What this task involves
Every line of the data needs to be returned exactly.
───── Available records ─────
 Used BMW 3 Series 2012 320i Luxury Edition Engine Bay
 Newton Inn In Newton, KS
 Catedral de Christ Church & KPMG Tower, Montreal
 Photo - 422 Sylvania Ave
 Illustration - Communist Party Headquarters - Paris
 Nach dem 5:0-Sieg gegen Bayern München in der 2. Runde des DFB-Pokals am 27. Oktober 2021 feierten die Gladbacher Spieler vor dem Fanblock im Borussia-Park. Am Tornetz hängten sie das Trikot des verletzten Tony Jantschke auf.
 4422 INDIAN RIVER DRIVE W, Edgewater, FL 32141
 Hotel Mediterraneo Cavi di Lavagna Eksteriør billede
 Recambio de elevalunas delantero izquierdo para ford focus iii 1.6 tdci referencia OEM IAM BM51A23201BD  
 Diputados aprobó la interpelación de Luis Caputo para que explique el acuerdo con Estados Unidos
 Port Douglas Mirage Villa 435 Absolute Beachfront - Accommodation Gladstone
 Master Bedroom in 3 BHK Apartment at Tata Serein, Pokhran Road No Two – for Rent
─────
Written solution
 Used BMW 3 Series 2012 320i Luxury Edition Engine Bay
 Newton Inn In Newton, KS
 Catedral de Christ Church & KPMG Tower, Montreal
 Photo - 422 Sylvania Ave
 Illustration - Communist Party Headquarters - Paris
 Nach dem 5:0-Sieg gegen Bayern München in der 2. Runde des DFB-Pokals am 27. Oktober 2021 feierten die Gladbacher Spieler vor dem Fanblock im Borussia-Park. Am Tornetz hängten sie das Trikot des verletzten Tony Jantschke auf.
 4422 INDIAN RIVER DRIVE W, Edgewater, FL 32141
 Hotel Mediterraneo Cavi di Lavagna Eksteriør billede
 Recambio de elevalunas delantero izquierdo para ford focus iii 1.6 tdci referencia OEM IAM BM51A23201BD  
 Diputados aprobó la interpelación de Luis Caputo para que explique el acuerdo con Estados Unidos
 Port Douglas Mirage Villa 435 Absolute Beachfront - Accommodation Gladstone
 Master Bedroom in 3 BHK Apartment at Tata Serein, Pokhran Road No Two – for Rent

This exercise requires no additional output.